The 10-VLAN production layout, each with a specific security posture:

The key security decisions built into the design:

• VLAN 2 (Game Servers) — internet yes, internal blocked. Pelican Panel needed to reach Pelican Wings on the same VLAN, but nothing in VLAN 2 should reach storage, SIEM, or Proxmox.
• VLAN 3 (Servers) — Wazuh receives syslog and agent traffic from all other VLANs. Every VLAN has scoped rules allowing outbound monitoring traffic to Wazuh. VLAN 3 itself can't reach other VLANs beyond what's needed.
• VLAN 4 (Testing) — fully isolated sandbox. Lab VMs and Kali instances get internet access but are hard-blocked from all production VLANs.
• VLAN 5 (IoT) — internet only, RFC1918 blocked. Smart home devices and cameras cannot reach any infrastructure VLAN under any circumstance.
• VLAN 6 (Services) — internal services gated by Authentik SSO. Jellyfin, Headscale, and AI inference run here. NPMplus in VLAN 7 is the only external entry point.
• VLAN 7 (DMZ) — cloudflared and NPMplus only. cloudflared talks to NPMplus. NPMplus only reaches approved backend IPs and ports. Nothing in the DMZ can initiate to management.
• VLAN 8 (Guest) — internet only, hard block on all RFC1918 destinations, captive portal via OPNsense.
• VLAN 9 (Network Services) — Tailscale subnet router and Scanopy network scanner. Tailscale provides remote admin access to all VLANs; Scanopy is scoped to VLAN 10 access only so broad discovery isn't open to all VLAN 9 traffic.
• VLAN 10 (Management) — admin PC, OPNsense, Proxmox nodes, switches. The only VLAN allowed to initiate connections to everything else. No service VLANs can reach VLAN 10 unless explicitly allowed.
• VLAN 20 (Storage) — no internet initiation. VLAN 10 and Proxmox nodes reach storage ports; storage devices get DNS and NTP but can't initiate back into the lab.

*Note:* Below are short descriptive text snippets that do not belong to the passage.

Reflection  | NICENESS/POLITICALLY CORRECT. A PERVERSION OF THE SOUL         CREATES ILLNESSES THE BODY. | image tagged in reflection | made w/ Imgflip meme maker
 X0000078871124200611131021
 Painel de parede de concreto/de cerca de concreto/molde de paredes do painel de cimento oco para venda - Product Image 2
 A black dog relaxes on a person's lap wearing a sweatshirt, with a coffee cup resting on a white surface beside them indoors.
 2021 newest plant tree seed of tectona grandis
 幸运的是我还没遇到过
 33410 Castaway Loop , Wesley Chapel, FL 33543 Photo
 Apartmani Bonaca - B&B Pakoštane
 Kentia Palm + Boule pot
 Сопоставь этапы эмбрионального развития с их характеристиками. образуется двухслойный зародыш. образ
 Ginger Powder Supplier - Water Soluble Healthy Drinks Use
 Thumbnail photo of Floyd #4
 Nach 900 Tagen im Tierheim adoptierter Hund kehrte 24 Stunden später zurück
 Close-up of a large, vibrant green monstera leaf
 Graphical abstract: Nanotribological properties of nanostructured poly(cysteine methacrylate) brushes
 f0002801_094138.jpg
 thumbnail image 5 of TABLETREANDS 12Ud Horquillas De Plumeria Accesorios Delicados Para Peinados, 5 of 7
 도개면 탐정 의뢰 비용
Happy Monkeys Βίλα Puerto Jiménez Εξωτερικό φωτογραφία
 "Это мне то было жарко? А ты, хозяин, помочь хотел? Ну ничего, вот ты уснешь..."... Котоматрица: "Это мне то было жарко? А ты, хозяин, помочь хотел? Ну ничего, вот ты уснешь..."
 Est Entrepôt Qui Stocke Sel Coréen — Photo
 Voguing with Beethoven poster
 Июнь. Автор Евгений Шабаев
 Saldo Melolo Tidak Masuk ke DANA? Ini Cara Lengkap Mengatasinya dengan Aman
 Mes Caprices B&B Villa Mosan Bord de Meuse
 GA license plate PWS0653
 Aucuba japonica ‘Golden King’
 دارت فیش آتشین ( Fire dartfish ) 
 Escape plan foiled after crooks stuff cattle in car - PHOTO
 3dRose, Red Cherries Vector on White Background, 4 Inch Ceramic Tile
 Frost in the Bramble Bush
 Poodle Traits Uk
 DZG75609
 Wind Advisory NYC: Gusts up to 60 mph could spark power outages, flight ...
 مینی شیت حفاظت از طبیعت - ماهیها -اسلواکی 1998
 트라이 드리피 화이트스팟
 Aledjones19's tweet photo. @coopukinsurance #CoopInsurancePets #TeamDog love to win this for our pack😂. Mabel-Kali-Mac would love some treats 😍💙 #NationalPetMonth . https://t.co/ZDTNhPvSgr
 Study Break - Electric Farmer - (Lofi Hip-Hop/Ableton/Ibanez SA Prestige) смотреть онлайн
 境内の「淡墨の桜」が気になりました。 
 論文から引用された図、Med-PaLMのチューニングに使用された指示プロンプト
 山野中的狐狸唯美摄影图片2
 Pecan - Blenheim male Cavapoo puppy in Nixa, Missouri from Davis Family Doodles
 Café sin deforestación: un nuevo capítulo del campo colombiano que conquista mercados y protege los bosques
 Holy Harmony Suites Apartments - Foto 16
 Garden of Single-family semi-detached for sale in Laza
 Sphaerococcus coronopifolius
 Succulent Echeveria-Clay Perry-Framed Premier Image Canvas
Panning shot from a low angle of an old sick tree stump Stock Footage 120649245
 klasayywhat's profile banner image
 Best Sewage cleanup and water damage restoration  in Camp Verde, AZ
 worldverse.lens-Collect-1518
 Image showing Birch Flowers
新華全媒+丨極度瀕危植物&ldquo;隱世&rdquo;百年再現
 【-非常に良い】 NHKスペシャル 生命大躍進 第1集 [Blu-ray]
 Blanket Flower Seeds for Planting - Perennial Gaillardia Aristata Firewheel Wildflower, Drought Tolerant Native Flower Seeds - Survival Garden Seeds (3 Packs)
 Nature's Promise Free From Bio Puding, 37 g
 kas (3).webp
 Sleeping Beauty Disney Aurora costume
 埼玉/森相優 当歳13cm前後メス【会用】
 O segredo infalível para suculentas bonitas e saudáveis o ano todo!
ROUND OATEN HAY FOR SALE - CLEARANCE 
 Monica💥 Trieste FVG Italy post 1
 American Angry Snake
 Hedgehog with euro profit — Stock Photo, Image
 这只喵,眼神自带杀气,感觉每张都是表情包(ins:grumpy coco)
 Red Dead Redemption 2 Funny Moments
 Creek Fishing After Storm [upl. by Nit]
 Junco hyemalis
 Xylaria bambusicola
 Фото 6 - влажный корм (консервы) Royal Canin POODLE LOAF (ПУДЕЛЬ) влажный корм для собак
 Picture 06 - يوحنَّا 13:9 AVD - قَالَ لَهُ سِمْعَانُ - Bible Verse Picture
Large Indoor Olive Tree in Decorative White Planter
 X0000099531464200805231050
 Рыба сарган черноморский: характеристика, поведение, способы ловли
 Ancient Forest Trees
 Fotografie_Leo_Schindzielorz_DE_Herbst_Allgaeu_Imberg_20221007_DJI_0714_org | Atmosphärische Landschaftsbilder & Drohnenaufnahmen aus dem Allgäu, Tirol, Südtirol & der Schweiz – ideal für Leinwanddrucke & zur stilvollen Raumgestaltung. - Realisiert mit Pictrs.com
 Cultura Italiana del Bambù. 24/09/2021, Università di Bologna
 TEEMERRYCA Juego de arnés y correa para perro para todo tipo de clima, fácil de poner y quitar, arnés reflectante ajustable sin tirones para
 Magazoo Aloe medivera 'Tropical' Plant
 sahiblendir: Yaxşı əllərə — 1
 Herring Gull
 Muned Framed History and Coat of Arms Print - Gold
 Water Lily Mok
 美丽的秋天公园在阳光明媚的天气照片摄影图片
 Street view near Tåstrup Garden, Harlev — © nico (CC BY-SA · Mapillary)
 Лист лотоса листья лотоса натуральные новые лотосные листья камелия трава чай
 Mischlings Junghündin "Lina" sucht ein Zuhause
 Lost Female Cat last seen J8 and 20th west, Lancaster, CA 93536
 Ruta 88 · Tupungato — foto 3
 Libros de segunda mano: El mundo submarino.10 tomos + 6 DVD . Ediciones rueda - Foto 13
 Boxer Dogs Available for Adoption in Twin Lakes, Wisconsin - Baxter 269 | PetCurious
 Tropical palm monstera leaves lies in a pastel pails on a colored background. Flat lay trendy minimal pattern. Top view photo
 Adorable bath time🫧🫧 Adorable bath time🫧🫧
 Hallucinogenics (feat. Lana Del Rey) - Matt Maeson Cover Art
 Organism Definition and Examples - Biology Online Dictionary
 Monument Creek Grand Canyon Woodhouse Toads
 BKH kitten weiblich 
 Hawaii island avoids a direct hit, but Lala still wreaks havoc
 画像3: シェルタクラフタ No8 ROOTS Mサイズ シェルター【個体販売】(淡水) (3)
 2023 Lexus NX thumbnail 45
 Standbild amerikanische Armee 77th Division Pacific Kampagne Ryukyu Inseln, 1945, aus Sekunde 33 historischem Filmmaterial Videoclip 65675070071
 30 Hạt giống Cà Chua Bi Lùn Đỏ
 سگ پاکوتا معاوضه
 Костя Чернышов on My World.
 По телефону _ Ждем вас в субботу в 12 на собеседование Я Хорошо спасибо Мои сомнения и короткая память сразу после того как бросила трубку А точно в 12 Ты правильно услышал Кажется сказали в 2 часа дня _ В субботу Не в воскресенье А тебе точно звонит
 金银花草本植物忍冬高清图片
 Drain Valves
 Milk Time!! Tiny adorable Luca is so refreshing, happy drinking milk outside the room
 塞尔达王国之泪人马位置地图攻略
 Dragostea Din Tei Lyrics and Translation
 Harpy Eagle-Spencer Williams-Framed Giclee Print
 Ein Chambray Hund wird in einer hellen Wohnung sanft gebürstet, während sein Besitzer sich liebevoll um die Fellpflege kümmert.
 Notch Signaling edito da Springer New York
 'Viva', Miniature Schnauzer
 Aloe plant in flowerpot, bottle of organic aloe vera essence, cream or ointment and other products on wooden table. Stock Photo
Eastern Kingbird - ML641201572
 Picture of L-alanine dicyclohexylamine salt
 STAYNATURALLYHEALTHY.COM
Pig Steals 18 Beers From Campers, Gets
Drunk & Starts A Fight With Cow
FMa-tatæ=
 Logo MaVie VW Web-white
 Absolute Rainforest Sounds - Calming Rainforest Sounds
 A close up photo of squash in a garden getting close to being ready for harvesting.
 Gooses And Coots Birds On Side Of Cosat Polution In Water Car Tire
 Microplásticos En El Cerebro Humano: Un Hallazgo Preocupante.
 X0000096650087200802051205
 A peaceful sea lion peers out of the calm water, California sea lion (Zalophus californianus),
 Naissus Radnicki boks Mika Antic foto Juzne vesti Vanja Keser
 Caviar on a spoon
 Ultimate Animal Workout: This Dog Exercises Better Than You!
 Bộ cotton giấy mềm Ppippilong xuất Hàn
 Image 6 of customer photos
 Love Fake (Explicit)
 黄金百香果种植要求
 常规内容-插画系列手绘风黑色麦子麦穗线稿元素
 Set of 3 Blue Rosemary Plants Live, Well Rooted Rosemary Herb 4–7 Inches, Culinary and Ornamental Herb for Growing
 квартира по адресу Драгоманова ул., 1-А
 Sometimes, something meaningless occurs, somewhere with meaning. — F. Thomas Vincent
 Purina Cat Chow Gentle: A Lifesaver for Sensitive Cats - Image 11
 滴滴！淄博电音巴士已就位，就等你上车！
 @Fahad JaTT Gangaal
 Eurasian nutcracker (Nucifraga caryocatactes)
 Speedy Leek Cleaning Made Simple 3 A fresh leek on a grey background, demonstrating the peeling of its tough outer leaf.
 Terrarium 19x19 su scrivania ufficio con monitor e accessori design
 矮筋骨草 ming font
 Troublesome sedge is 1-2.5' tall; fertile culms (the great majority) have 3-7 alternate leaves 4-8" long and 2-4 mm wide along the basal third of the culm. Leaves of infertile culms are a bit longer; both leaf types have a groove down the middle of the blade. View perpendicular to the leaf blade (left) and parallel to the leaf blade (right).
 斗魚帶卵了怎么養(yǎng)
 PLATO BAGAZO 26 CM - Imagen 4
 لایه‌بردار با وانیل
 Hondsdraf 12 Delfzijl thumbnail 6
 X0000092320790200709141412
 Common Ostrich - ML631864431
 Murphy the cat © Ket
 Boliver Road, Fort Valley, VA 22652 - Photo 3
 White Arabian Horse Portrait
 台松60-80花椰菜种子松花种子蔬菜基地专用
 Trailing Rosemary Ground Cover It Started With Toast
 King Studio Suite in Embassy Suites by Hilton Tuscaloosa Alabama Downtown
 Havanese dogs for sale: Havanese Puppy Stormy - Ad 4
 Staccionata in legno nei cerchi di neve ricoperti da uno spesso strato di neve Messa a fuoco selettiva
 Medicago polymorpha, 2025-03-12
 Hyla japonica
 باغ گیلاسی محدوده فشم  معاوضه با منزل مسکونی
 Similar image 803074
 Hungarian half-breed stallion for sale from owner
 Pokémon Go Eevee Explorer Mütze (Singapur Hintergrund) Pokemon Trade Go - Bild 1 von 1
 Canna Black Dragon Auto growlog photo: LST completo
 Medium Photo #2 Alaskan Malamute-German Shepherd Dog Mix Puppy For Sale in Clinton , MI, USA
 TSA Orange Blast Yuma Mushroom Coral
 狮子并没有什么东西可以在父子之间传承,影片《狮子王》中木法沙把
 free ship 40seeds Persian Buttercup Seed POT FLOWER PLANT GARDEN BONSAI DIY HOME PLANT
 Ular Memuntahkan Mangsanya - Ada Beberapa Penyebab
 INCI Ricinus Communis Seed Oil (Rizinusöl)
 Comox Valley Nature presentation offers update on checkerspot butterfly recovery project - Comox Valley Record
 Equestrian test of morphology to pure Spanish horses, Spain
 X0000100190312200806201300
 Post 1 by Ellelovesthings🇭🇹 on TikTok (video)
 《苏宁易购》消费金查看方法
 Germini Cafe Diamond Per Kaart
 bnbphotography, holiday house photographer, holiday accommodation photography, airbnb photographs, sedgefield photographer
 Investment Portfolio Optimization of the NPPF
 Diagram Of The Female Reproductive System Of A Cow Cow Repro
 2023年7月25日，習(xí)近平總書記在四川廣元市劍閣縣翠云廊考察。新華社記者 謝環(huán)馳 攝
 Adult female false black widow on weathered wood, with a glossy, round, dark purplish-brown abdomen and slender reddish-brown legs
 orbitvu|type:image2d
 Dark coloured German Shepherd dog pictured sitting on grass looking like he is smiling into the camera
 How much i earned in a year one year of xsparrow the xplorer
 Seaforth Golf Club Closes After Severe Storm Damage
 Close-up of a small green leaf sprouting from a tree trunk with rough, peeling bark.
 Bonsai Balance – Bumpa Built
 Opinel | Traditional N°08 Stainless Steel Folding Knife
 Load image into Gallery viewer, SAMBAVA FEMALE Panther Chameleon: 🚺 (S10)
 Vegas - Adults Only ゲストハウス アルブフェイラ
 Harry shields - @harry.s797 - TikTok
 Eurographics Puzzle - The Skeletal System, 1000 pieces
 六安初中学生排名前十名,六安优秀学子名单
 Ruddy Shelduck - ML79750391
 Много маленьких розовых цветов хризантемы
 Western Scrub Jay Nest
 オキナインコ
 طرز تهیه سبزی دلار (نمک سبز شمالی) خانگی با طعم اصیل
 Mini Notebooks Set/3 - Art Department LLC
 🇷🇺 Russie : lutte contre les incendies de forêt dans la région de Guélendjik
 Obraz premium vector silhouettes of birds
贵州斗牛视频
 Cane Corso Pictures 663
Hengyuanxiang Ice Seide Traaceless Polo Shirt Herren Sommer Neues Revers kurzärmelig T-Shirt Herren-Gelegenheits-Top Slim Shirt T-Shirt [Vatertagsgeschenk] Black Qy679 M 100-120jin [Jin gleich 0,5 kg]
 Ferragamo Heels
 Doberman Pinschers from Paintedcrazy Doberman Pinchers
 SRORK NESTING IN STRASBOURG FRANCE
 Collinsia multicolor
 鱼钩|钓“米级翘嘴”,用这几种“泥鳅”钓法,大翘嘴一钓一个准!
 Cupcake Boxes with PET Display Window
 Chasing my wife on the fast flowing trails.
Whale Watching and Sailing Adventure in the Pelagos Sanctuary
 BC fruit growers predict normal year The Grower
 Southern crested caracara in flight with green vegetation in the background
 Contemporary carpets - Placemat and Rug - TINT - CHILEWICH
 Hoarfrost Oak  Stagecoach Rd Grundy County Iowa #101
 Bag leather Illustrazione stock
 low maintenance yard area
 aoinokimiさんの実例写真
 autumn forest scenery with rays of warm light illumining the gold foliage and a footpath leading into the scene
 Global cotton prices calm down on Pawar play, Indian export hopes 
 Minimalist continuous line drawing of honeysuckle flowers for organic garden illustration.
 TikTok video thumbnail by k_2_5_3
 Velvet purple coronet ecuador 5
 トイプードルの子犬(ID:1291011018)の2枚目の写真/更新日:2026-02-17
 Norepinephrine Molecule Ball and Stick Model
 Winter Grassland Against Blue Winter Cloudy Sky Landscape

Phase 1 — The Switch Swap That Broke Everything

The legacy switching was a pair of Cisco Catalyst 3750V2 switches — 100 Mbps FastEthernet to everything. Both were replaced with a Cisco SG300-20 core switch and a Netgear GS728TP PoE access switch, both gigabit. The physical swap was quick. The aftermath wasn't.

The new switches came up with default configs. The legacy cloudflared DMZ VLAN wasn't trunked anywhere. The Proxmox nodes were plugged into the SG300 but the management VLAN wasn't configured on those ports yet. Every service that depended on the network came down immediately.

Restoring cloudflared first

The first priority was getting public ingress back. cloudflared was on the legacy DMZ VLAN, but that VLAN wasn't tagged on the required SG300 ports. Fix: add the DMZ VLAN to the SG300 VLAN database, tag it on the OPNsense and Proxmox-facing trunks, confirm the LXC gets its DHCP lease, and verify the Cloudflare tunnel registers:

! Cisco SG300 — restore legacy DMZ path for cloudflared
vlan database
 vlan [legacy-dmz-vlan]
 exit
interface [proxmox-facing-trunk]
 switchport trunk allowed vlan add [legacy-dmz-vlan]
interface [opnsense-facing-trunk]
 switchport trunk allowed vlan add [legacy-dmz-vlan]
copy running-config startup-config

After applying: cloudflared could reach its DMZ gateway, the Cloudflare tunnel registered, and public services came back online.

Proxmox quorum failure

The bigger problem: Proxmox corosync had already been configured to use the management VLAN addresses (static management addresses for the three Proxmox nodes) but the management VLAN wasn't tagged on the SG300 ports facing nodes 2 and 3 — only one node trunk had it. Corosync uses multicast on a shared VLAN to maintain quorum. Without management VLAN reachability, the cluster showed 1/3 nodes and all cluster operations were blocked.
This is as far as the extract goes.